WHAT THE TASK ASKS » Look through the material below and copy exactly the lines from the line with "Actual product image" to the line with "Picture of Group's", those two lines included.

SUPPLIED MATERIAL »
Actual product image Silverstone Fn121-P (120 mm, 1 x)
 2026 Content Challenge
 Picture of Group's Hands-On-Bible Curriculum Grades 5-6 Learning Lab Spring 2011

---

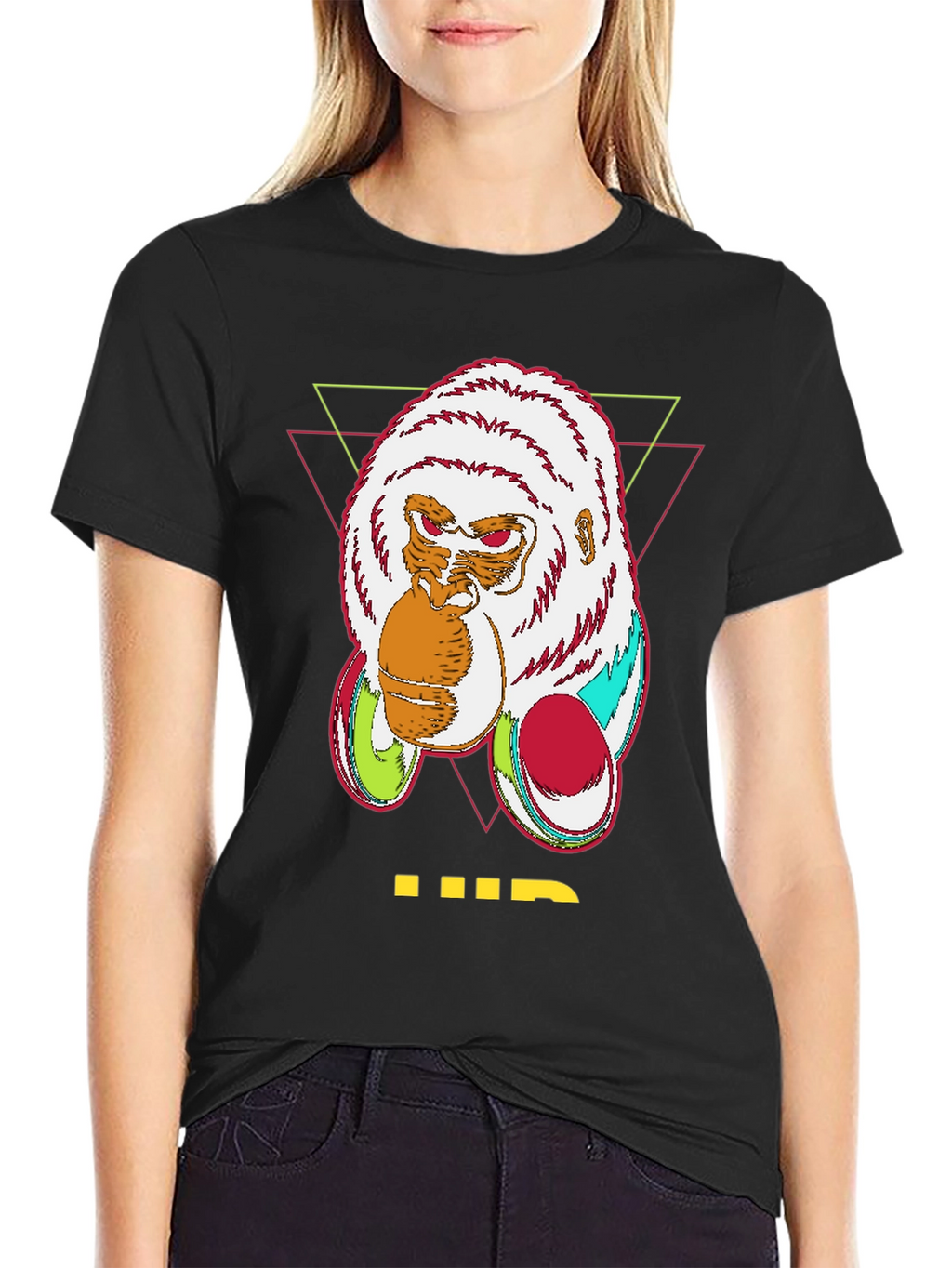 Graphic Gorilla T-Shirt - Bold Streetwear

FINISHED EXERCISE »
Actual product image Silverstone Fn121-P (120 mm, 1 x)
 2026 Content Challenge
 Picture of Group's Hands-On-Bible Curriculum Grades 5-6 Learning Lab Spring 2011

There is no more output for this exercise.